Auf ganz andere Weise überzeugt der andere neue Band aus den I libri bianchi. „La Mort / Der Tod“ ist einfach ein wunderschönes Buch. Marggraf hat die französischen Originale Baudelaires in einem dunklen Rotton gedruckt, die Übersetzungen hingegen schwarz. Und er hat nicht nur am Ende des Buches eine Reihe von Zeichnungen angefügt, sondern auch den Textblock durch Grafiken gegliedert, so daß der Leser durch das Buch geleitet wird und gleitet wie Charons Kahn durchs Wasser; denn das ist das zentrale Motiv, das der Künstler in den dem Band beigegeben Bilder wieder und wieder variiert: Der Fährmann, dargestellt wie der Tod selber als Skelett, stehend, und die schattengleiche Seele eines Abgelebten, sitzend, im Boot, das dahingleitet, mal
scheinbar still und langsam, mal aufgewühlter, weniger einverstanden mit dem Schicksal auf anderen Blättern.

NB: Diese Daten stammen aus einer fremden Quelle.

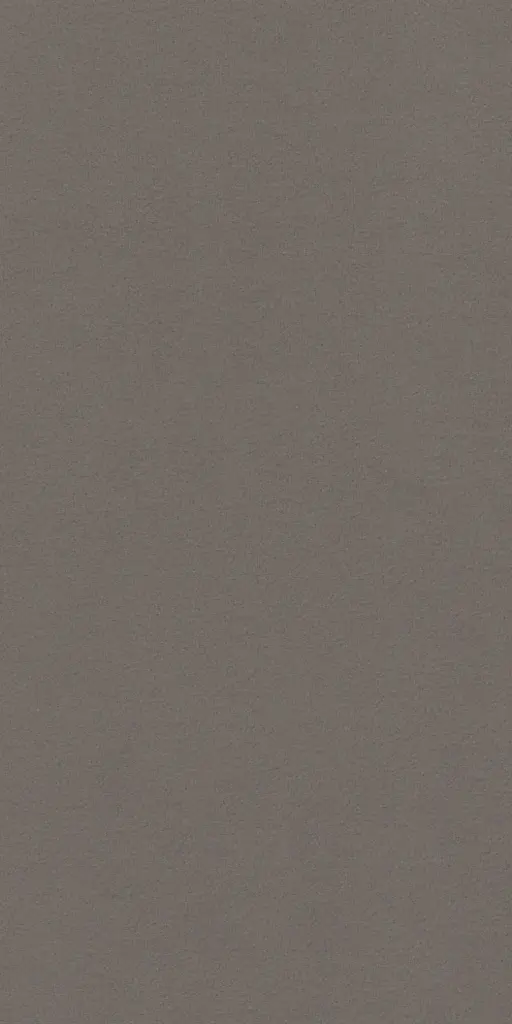 Swatch Sample - 304-4-Crush-05-Velvet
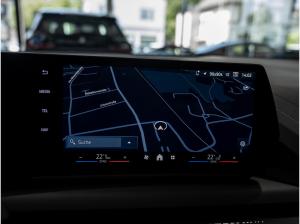 BMW 120 M-Sport LED NAVI KAMERA SHZ PDC KEYLESS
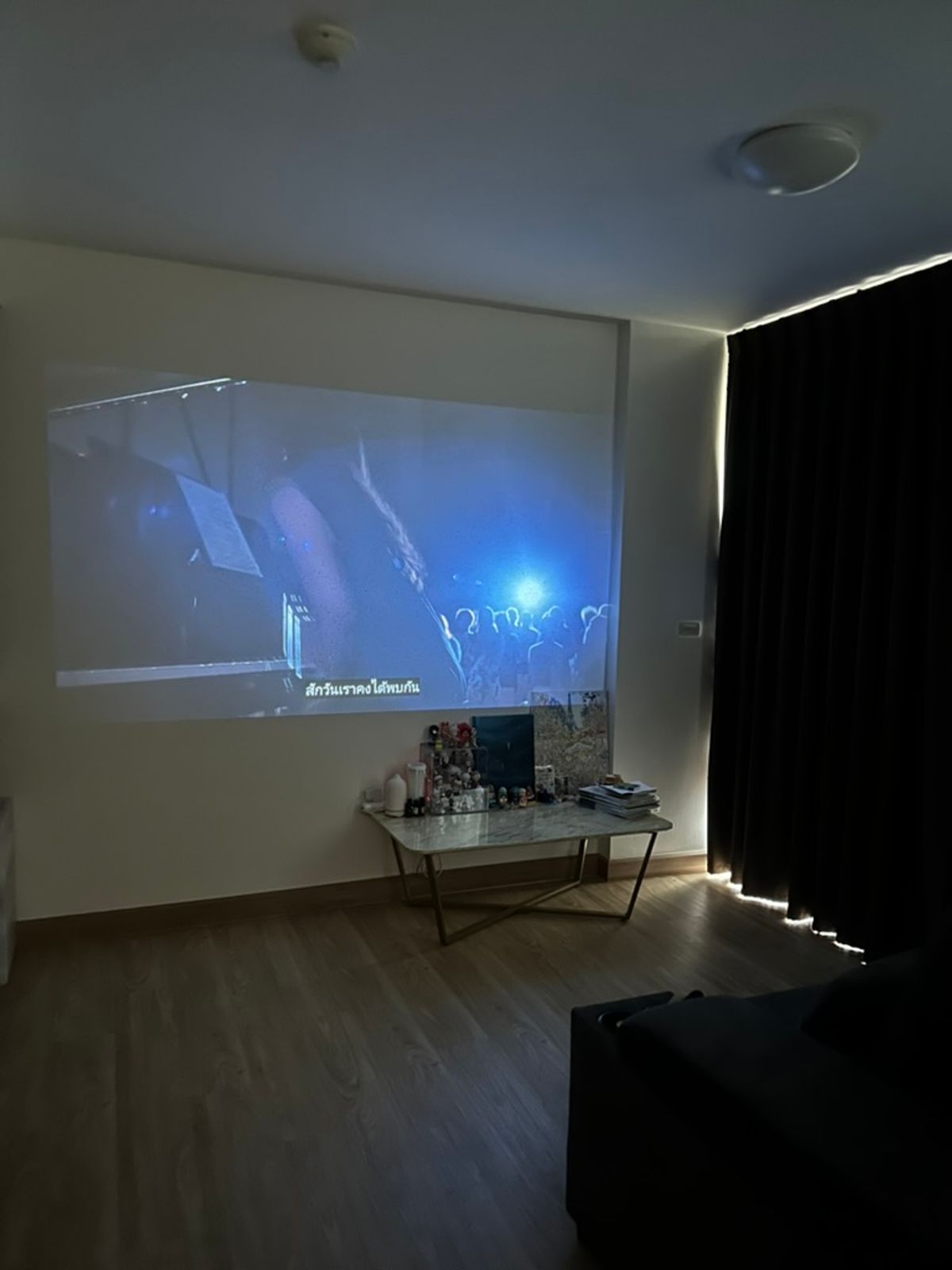 ให้เช่าคอนโดอ่อนนุช อุดมสุข : 🔥ให้เช่าด่วน🔥 เซ้นส์ สุขุมวิท 68 (ห้องมุม)เฟอร์ครบพร้อมเข้าอยู่ | ใกล้ BTS อุดมสุข – บางนา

Dieses Motiv ist nicht neu in Peter Marggrafs Repertoire. Die in lockeren Strichen mehr skizzierten Szenen verraten eine gewisse Meisterschaft, man könnte auch sagen Routine, im Umgang mit dem Sujet. Die Bilder setzen Marggrafs Auseinandersetzung mit dem Motiv des Totentanzes fort und haben „mit dem Wunsch nach einem selbstbestimmten Ende zu tun“, so der Künstler. Entstanden sind die Federzeichnungen im Sommer 2017 als Vorzeichnungen zu einer „Charon“-Mappe. Wenn man versucht, in den Blicken der Figur des Hinüber-Geleiteten zu lesen, so tun sich da vor allem Fragen auf. Es ist und bleibt eine Fahrt ins Ungewisse, auf der jegliches seine Gestalt verliert. Und das gewisseste am Ende ist doch allemal dies: daß es nicht selbstbestimmt ist. Das so überzeugend ins Bild gesetzt zu sehen, hat dann auch etwas Tröstliches für uns Lebende. Peter Marggraf betont das Thema des Aufbruchs noch, indem er seine Zeichnungen unter einen eigenen Titel stellt: „Ein Boot bauen und das Land verlassen“.